Textmate and UTF-8 and BOM, oh my! 04.30.2007

By default in Textmate for the Mac, it creates UTF-8 files without any BOM markers. Although this is typically recommend since it avoids having useless bytes in the beginning of the file for things like shell scripts, Homesite on Windows doesn't read a UTF-8 file in correctly unless it has a BOM. It reads it in instead as "ANSI".

(This is also true in pages where the body and any file-encoding meta tags are missing. In a Textmate-created file saved as UTF-8 with no BOM, Firefox reads it in as ISO-8859-1. With BOM, Firefox correctly reads in the file as UTF-8)

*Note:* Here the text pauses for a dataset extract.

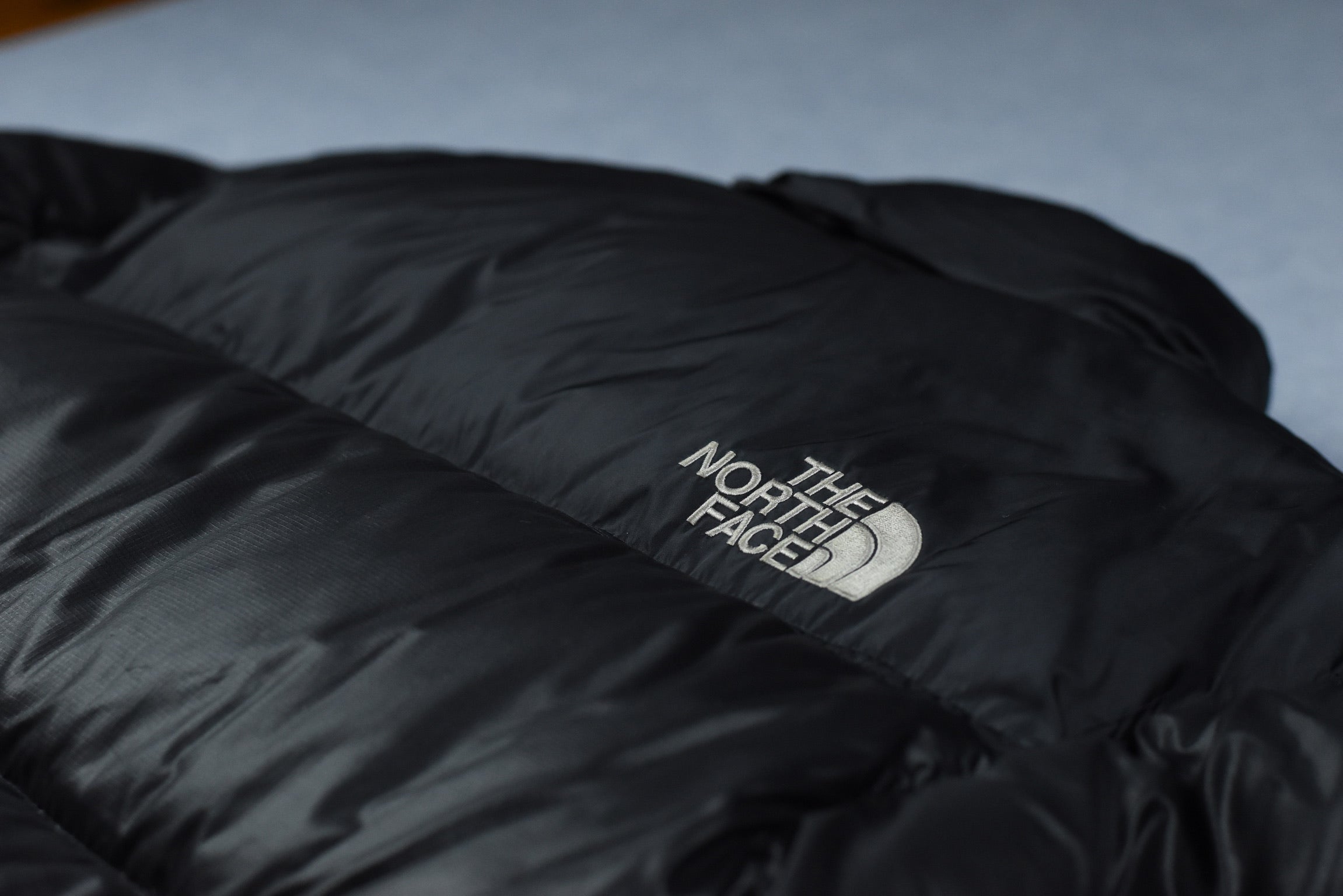 Vintage The North Face 700 Nuptse Puffer Jacket Black - Small Men's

After chatting with Allan Odgaard about the issue on IRC, he came up with a Textmate command to prepend the currently open file with the correct UTF-8 BOM.

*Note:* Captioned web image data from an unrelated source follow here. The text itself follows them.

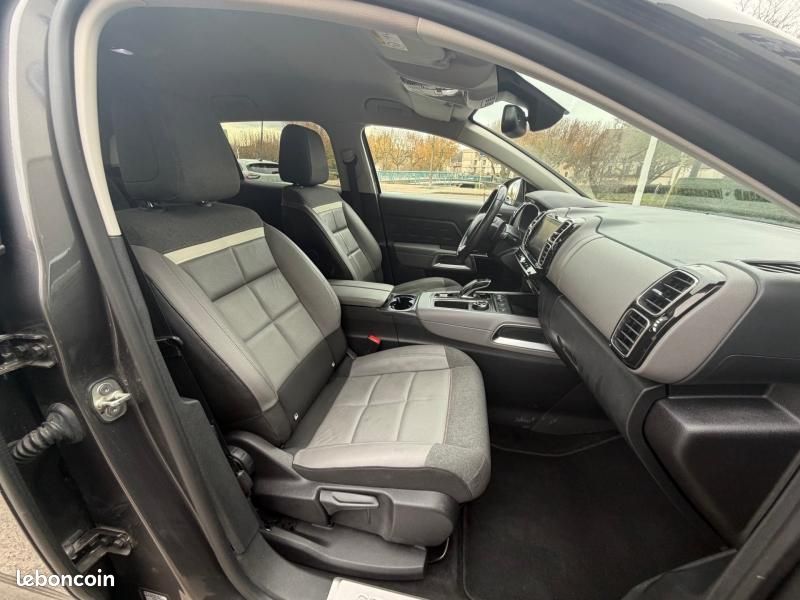 Citroen C5 Aircross BlueHDi 180ch S&S Shine EAT8 (image 7)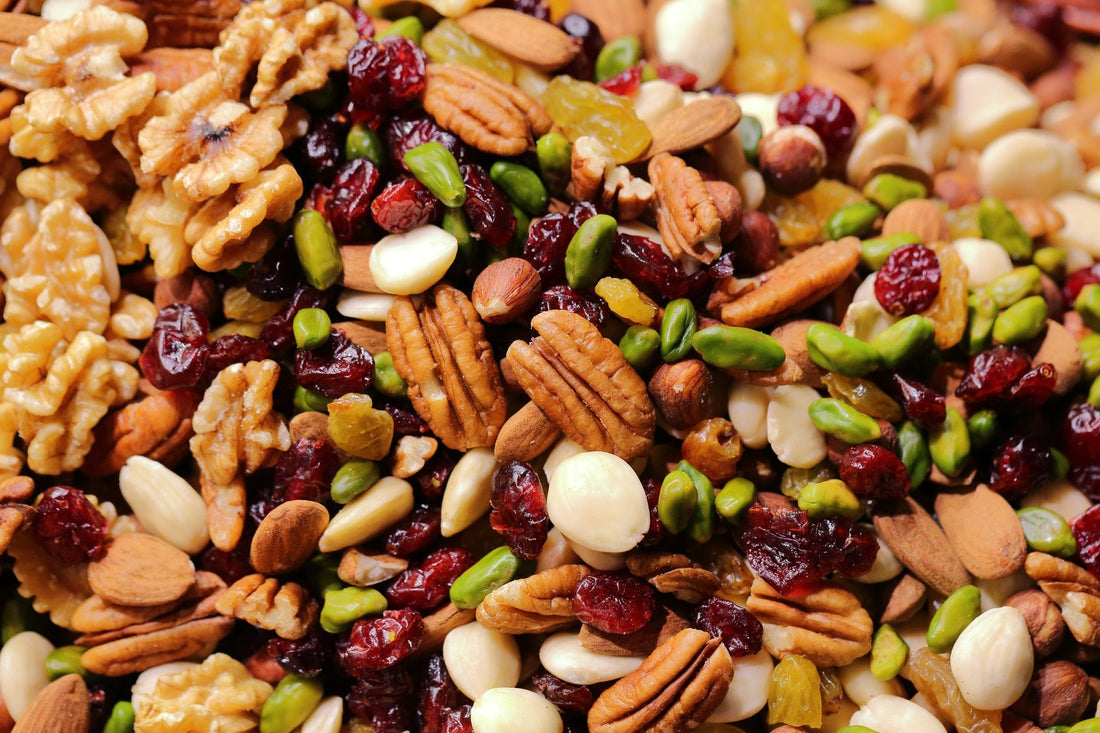 5 Ways To Keep Snacking On Nuts | Health and Immunity | Tassyam - Tassyam Organics
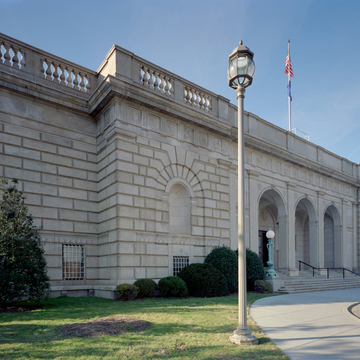 Freer Gallery of Art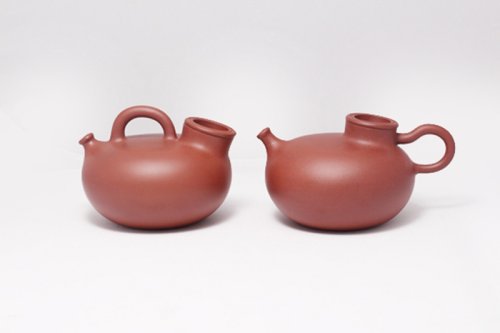 徐浩俊紫砂壶 有容乃大 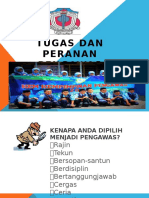 Tugas& Peranan Pengawas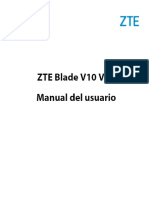ZTE BLADE V10 VITA Manual de Usuario - Manualzz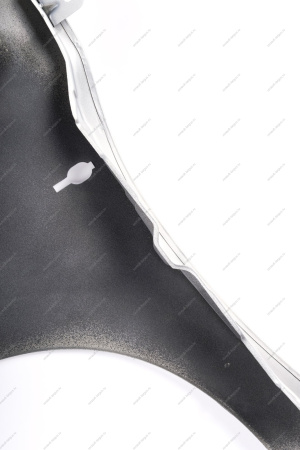 Крыло LADA Vesta/Веста переднее левое в цвет 221 Ледниковый (белый) АвтоВАЗ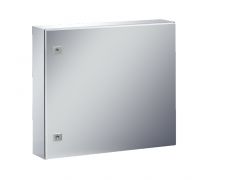 KE9405.600 Rittal Ex enclosure WHD: 600x600x210mm Stainless steel 
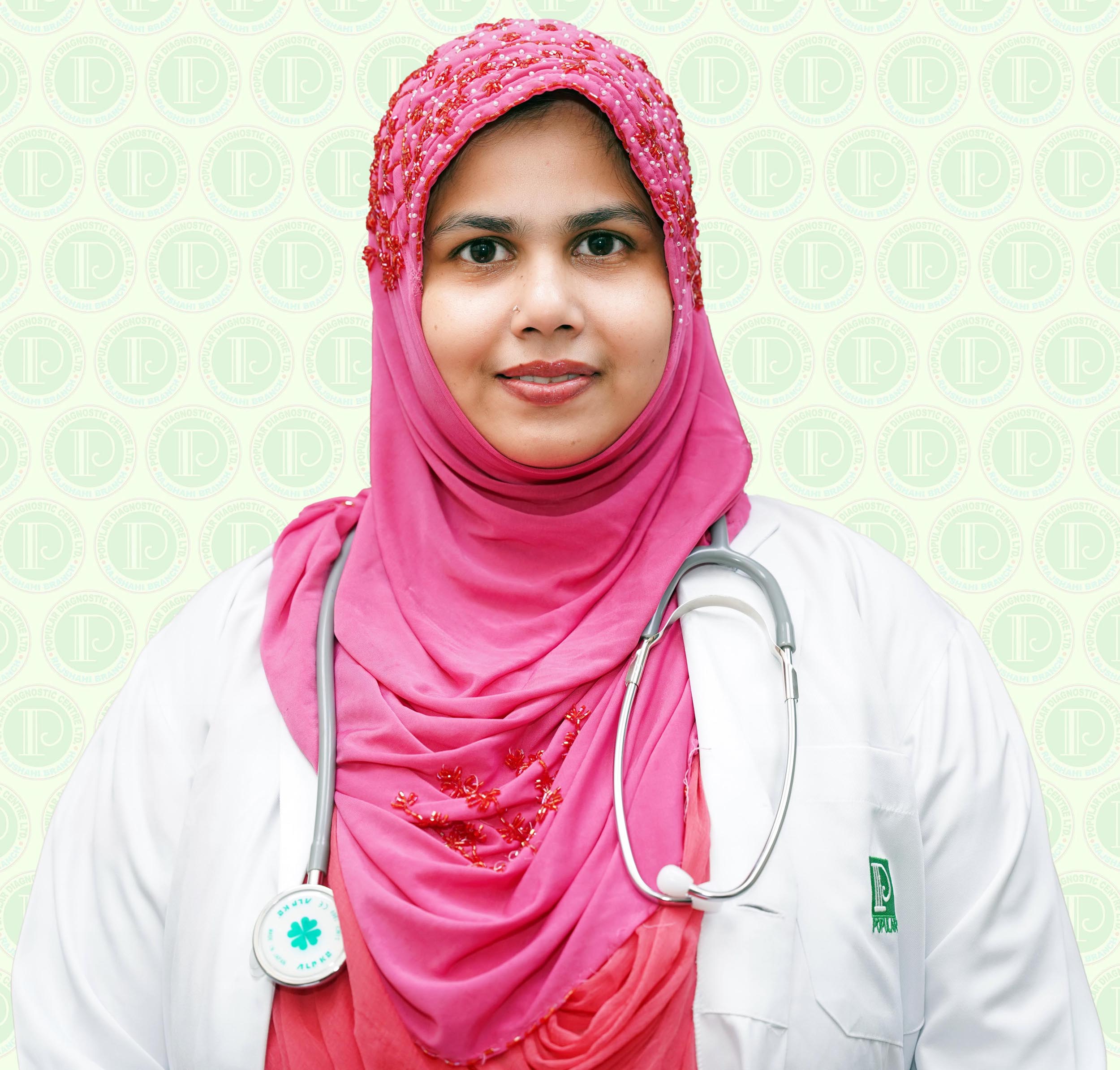 Asstt. Prof. Dr. Arjuman Ara (Elmis)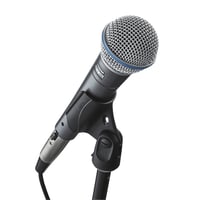 ميكروفون Shure BETA® 58A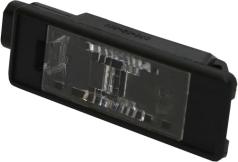 Iparlux 17040409 - Licence Plate Light motal.fi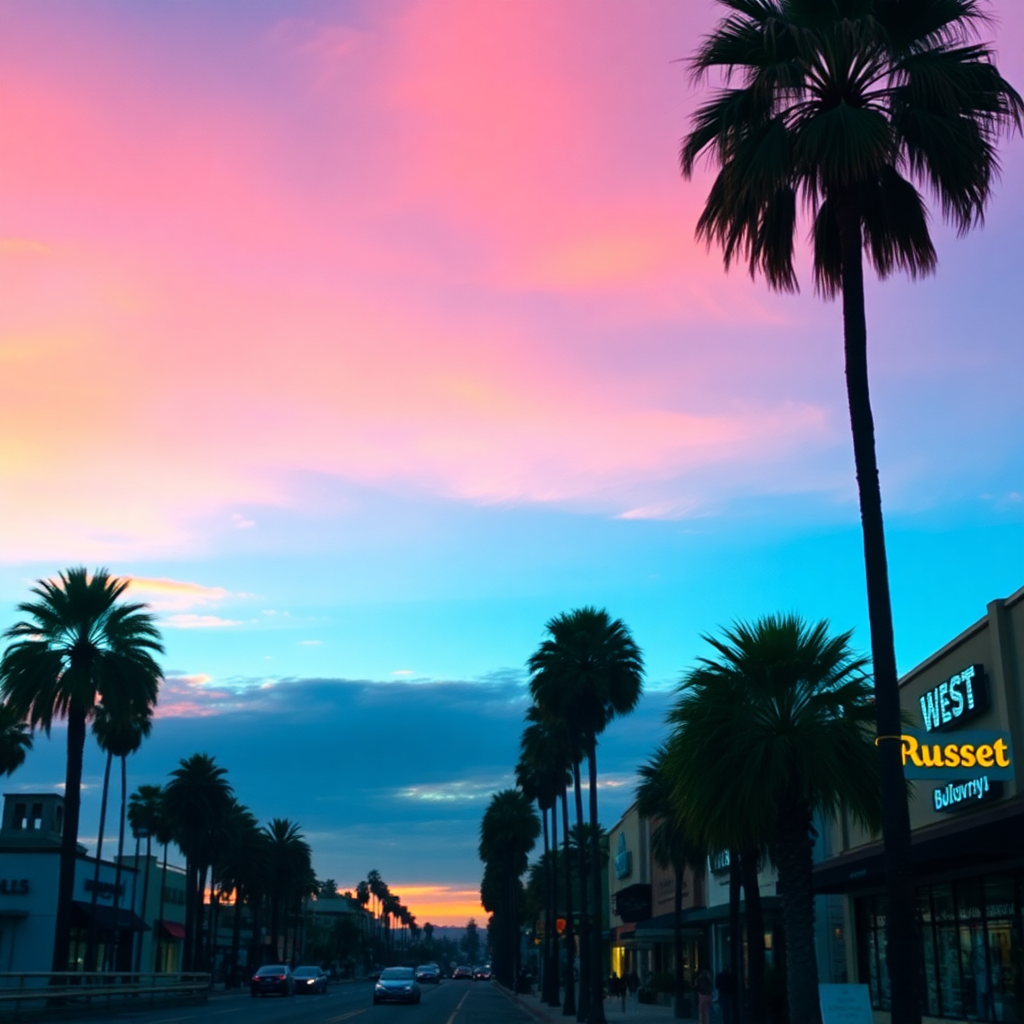 West Hollywood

Create a new Textmate command, set the save to "current file", the input to "entire document" and the output to "discard". The text for the command should be:

  printf >"$TM_FILEPATH" '\xEF\xBB\xBF'
  cat >>"$TM_FILEPATH"

This will add in the necessary bytes, reread the file into the input buffer, and rescan the file so that Textmate and any open projects will be aware of the change.

Textmate will respect and preserve a file with existing BOM markers. It just won't create them on its own. This should help with that.